Fast forward three years and he was proven right. Doan serves as CEO while Phan concentrates on recasting the traditional conical hat as angular corsetry or using 3D bonding and gold inlays to evoke traditional high-end lacquer painting.
Building a solid clientele across Asia and a handful of placements at high profile events such as the Festival de Cannes or on Miss Universe titleholders saw the brand grow to a team of 70. Seamstresses, embroiderers and pattern-cutters account for around 40 people.
After an off-schedule show in Paris in 2024, the brand was awarded one of the coveted spots on the official couture calendar for the spring 2026 season. At 26, Phan is among the youngest designers to ever hold an official show during couture.
Doan credits their swift success to his cofounder’s knack for parlaying Vietnam’s thousand-year heritage in textile arts and crafts into propositions with a modern sensibility.

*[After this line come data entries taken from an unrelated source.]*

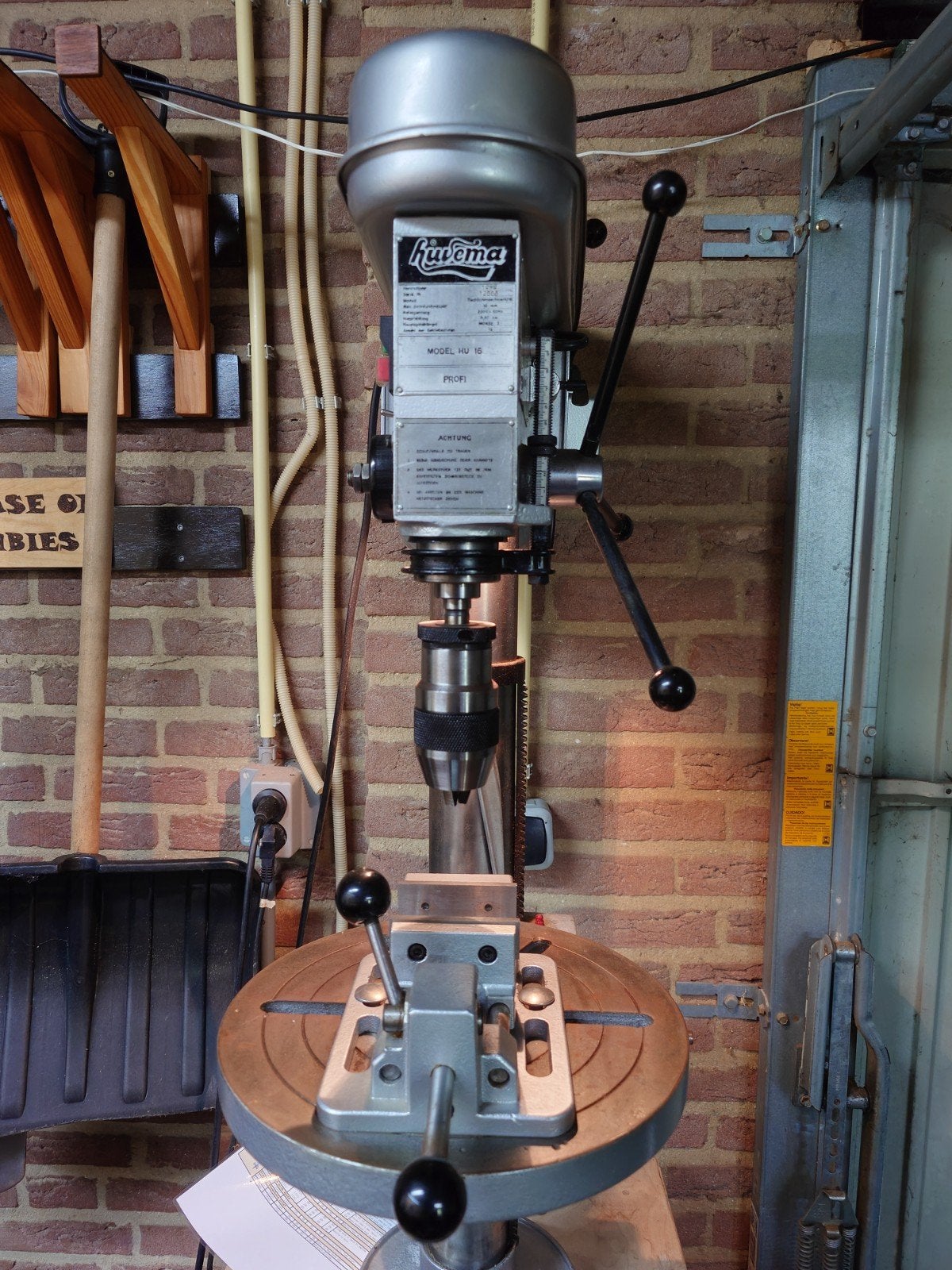 Huvema HU 16 Profi Kolomboormachine - Robuust en Betrouwbaar, Doe-het-zelf en Verbouw, Gereedschap | Boormachines, Ophalen, Kolomboormachine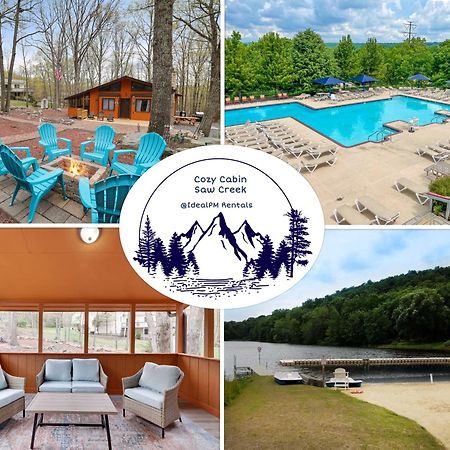 Premier Cozy Cabin - Free Amenities & Comm Indoor Pools Bushkill Exteriör bild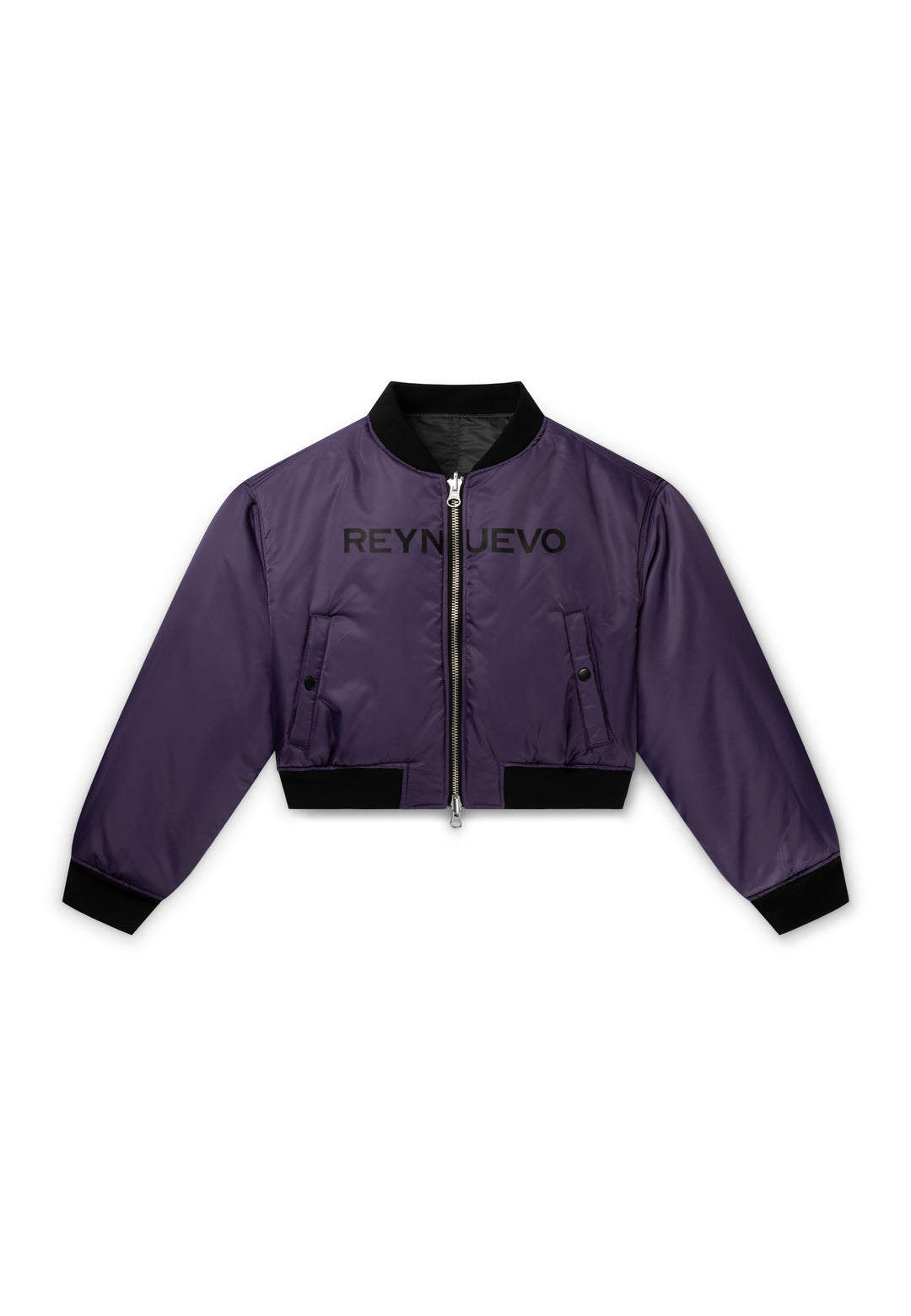 CROPPED DOUBLE SIDED BOMBER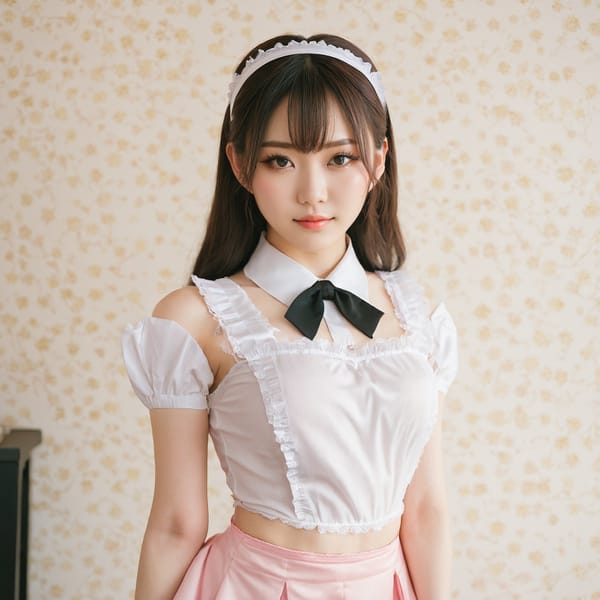 Tags: 21872187, SDXL
{"3": {"inputs": {"seed": 533333092436963, "steps": 64, "cfg": 7.65, "sampler_name": "dpmpp_2m", "scheduler": "karras", "denoise": 1.0, "model": ["27", 0], "positive": ["6", 0], "negative": ["7", 0], "latent_image": ["5", 0]}, "class_type": "KSampler"}, "4": {"inputs": {"ckpt_name": "juggernautxl.safetensors"}, "class_type": "CheckpointLoaderSimple"}, "5": {"inputs": {"width": 1024, "height": 1024, "batch_size": 1}, "class_type": "EmptyLatentImage"}, "6": {"inputs": {"text": "23 year old girl, (japanese:1.10), (russian:1.05), (detailed face:1.13), (double eyelids:1.10), (seductive facial expression:1.05), (seductive pose:1.06), (idol:1.09), (sexy lips:0.98), (pale skin:1.12), (blush:1.12), (beautiful eyes:0.98), (slim:1.09), (eyelashes:1.09), (cute:0.98), (temptress:1.07), (perky ass:1.13), (exposed ass:1.08), (looking back:1.09), (sexy ass:1.10), (thigh gap:1.03), in a (skimpy maid costume:1.10) working at a maid cafe, choker, bowtie, headband, pleated skirt, (skin fuzz:1.01), (detailed skin:1.03), (RAW:1.06), (portra:1.03), (film:1.04), (soft lighting:1.01), (candid cinema:1.02), (natural looking skin:1.00), (textured skin:1.01)", "clip": ["27", 1]}, "class_type": "CLIPTextEncode"}, "7": {"inputs": {"text": "(distorted:1.05), (bad hands:1.10), (watermark:1.10), (low resolution:1.08), (worst quality:1.14), (twisted:1.11), (open mouth:1.13)", "clip": ["27", 1]}, "class_type": "CLIPTextEncode"}, "8": {"inputs": {"samples": ["3", 0], "vae": ["4", 2]}, "class_type": "VAEDecode"}, "25": {"inputs": {"lora_name": "nudify_xl.safetensors", "strength_model": 0.03, "strength_clip": 0.16, "model": ["4", 0], "clip": ["4", 1]}, "class_type": "LoraLoader"}, "26": {"inputs": {"lora_name": "shirtlift_SDXL_v2.safetensors", "strength_model": 0.04, "strength_clip": 0.14, "model": ["25", 0], "clip": ["25", 1]}, "class_type": "LoraLoader"}, "27": {"inputs": {"lora_name": "PerfectEyesXL.safetensors", "strength_model": 0.03, "strength_clip": 0.04, "model": ["26", 0], "clip": ["26", 1]}, "class_type": "LoraLoader"}, "30": {"inputs": {"model_name": "4x_NMKD-Superscale-SP_178000_G.pth"}, "class_type": "UpscaleModelLoader"}, "31": {"inputs": {"upscale_model": ["30", 0], "image": ["8", 0]}, "class_type": "ImageUpscaleWithModel"}, "32": {"inputs": {"upscale_method": "lanczos", "scale_by": 0.5, "image": ["31", 0]}, "class_type": "ImageScaleBy"}, "33": {"inputs": {"pixels": ["32", 0], "vae": ["4", 2]}, "class_type": "VAEEncode"}, "34": {"inputs": {"seed": 533333092436963, "steps": 64, "cfg": 7.65, "sampler_name": "dpmpp_2m", "scheduler": "karras", "denoise": 0.3, "model": ["27", 0], "positive": ["6", 0], "negative": ["7", 0], "latent_image": ["33", 0]}, "class_type": "KSampler"}, "36": {"inputs": {"samples": ["34", 0], "vae": ["4", 2]}, "class_type": "VAEDecode"}, "39": {"inputs": {"filename_prefix": "comfyapi-1718482014394", "images": ["36", 0]}, "class_type": "SaveImage"}}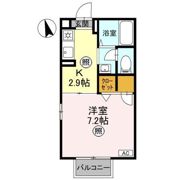 ハイツ定栄 Eの間取り画像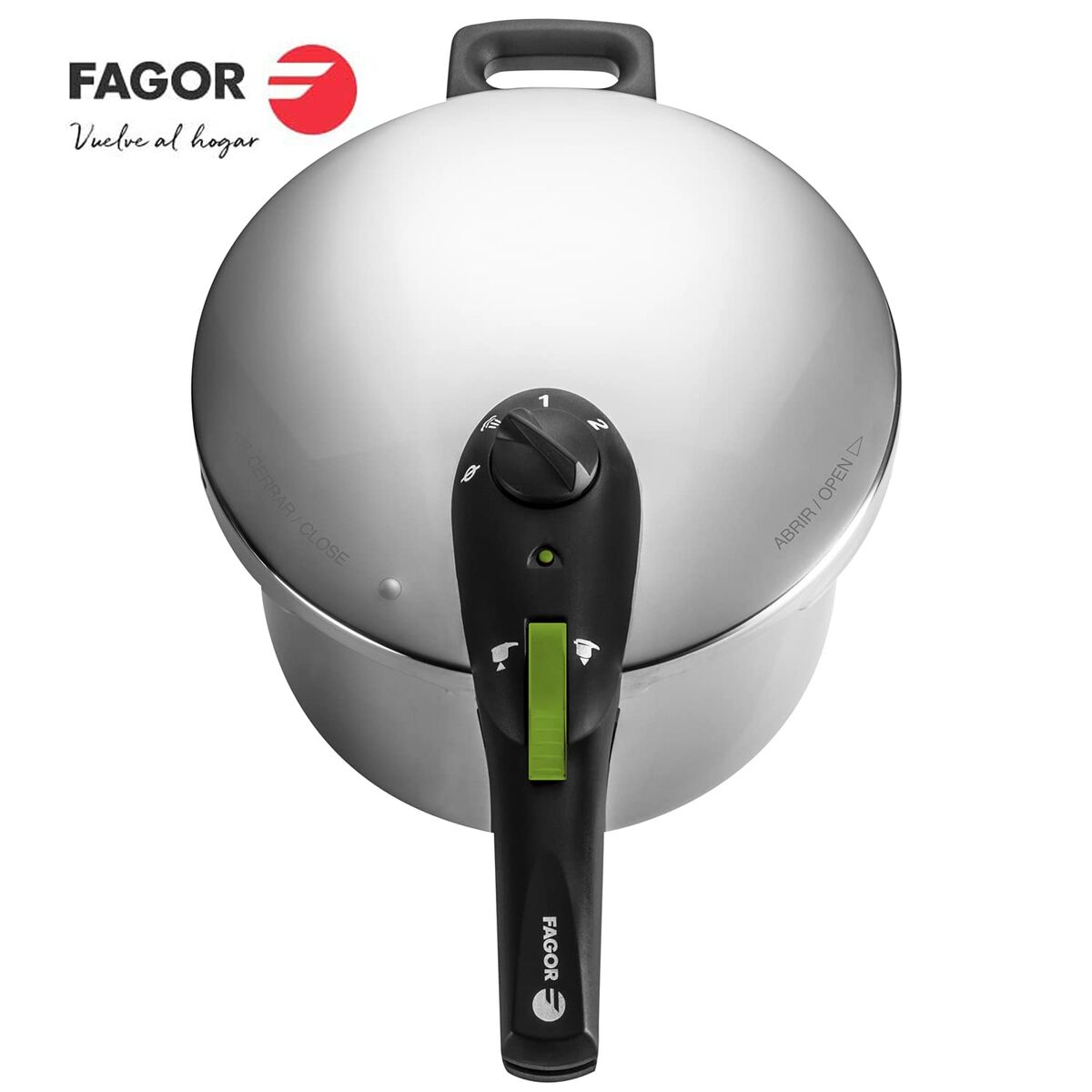 Painekeitinsetti 4 l + 6 l, ruostumaton teräs 18/10 - 2 kpl, bakeliittikahvat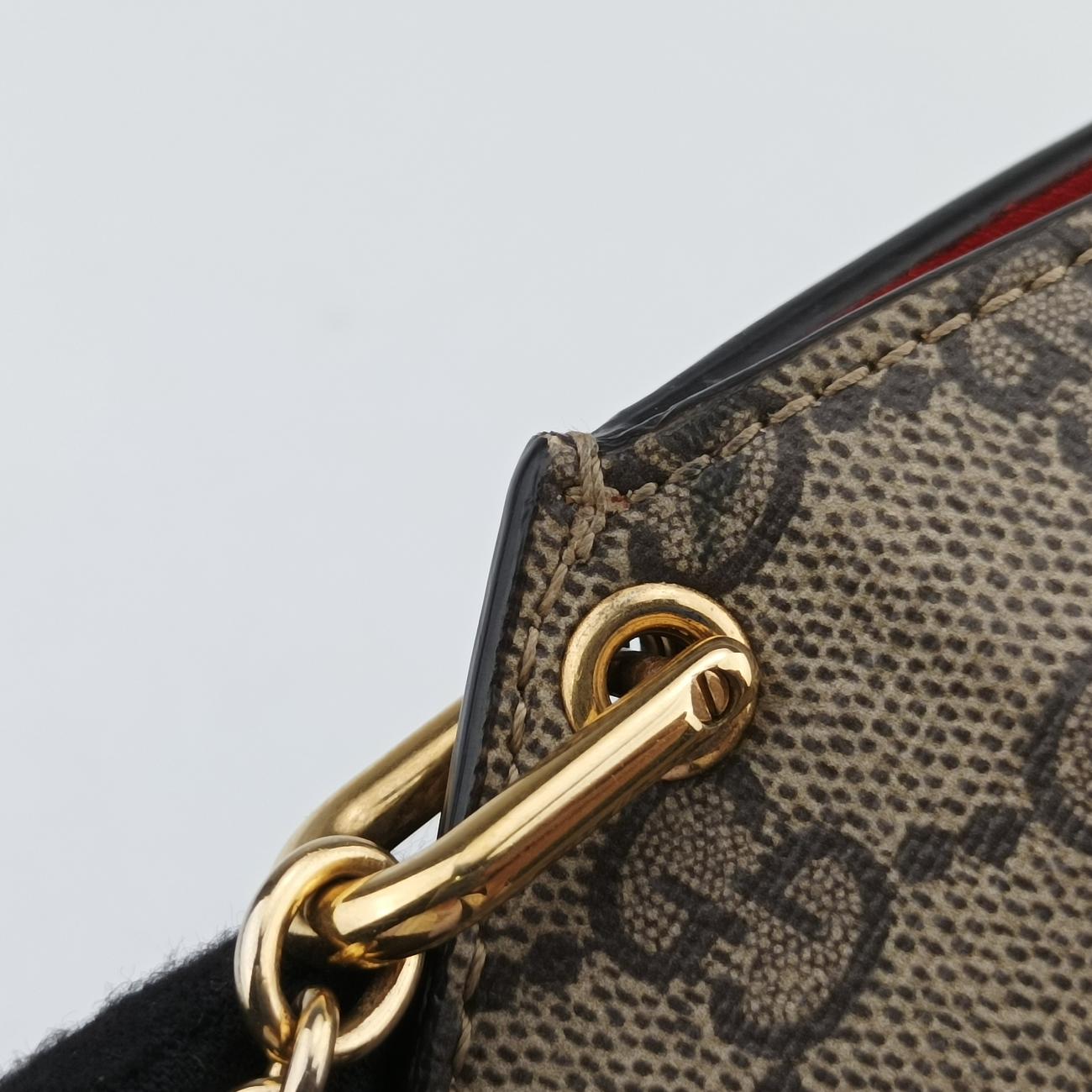 heart Brown×Red PVC coated canvas 678131 G036832647ハート ブラウン×レッド PVCコーティングキャンバス 678131 G036832647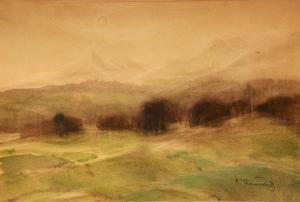 KOVESKY Geza 1887-1950,Mountain forest,Pinter HU 2022-01-16
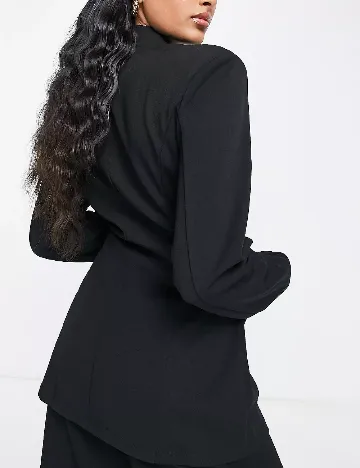 Blazer ASOS, negrun Negru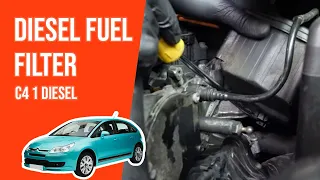 How to replace the diesel fuel filter C4 mk1 1.6 HDI ⛽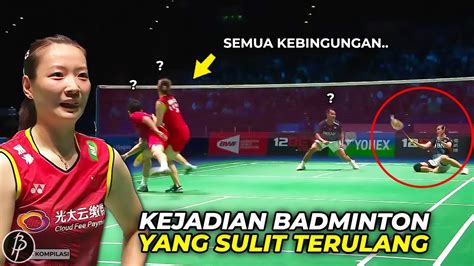 Bahkan Pemain Pun Tak Percaya Momen Unik Langka Badminton Yg Sulit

“Couture is my childhood dream, what led me into fashion — and the biggest enemy in my career,” quipped Phan. In particular, there’s deep work on fabrics, most developed in-house with an eye toward sustainability.
“We make [most] from scratch, using all the techniques that come from our Vietnamese heritage but we really want to innovate, too,” said Doan. “We believe in slow fashion. We believe in sustainability, and… our brand is make to order only, so we don’t overdo our clothing. So with that, we don’t overuse fabric, but also we don’t have any waste in terms of fabric.”
The designer described his creative universe as “a quiet place where emotions are allowed to breathe,” an imaginary locale “built from memories, silences, and the things we don’t always know how to say.”
Hence silhouettes that lean toward enveloping the body, as if “holding, protecting, revealing [it] when it’s ready,” as Phan put it.
“I work with tension: between softness and control, fragility and strength, intimacy and distance,” he continued. “Every garment carries a feeling, like a trace of touch, a moment suspended in time. This universe is fluid, emotional and human. It exists for those who find beauty in vulnerability, and power in being seen as they truly are.”
In his work, influences come across as impressions rather than overt reinterpretations. Among them are “classical tailoring softened by time, from the poetry of Eastern philosophy, from cinema and art that lingers long after it ends,” he said. “I’m inspired by the way fabric remembers the body, the way clothing can become a shelter, a confession, or a scar.”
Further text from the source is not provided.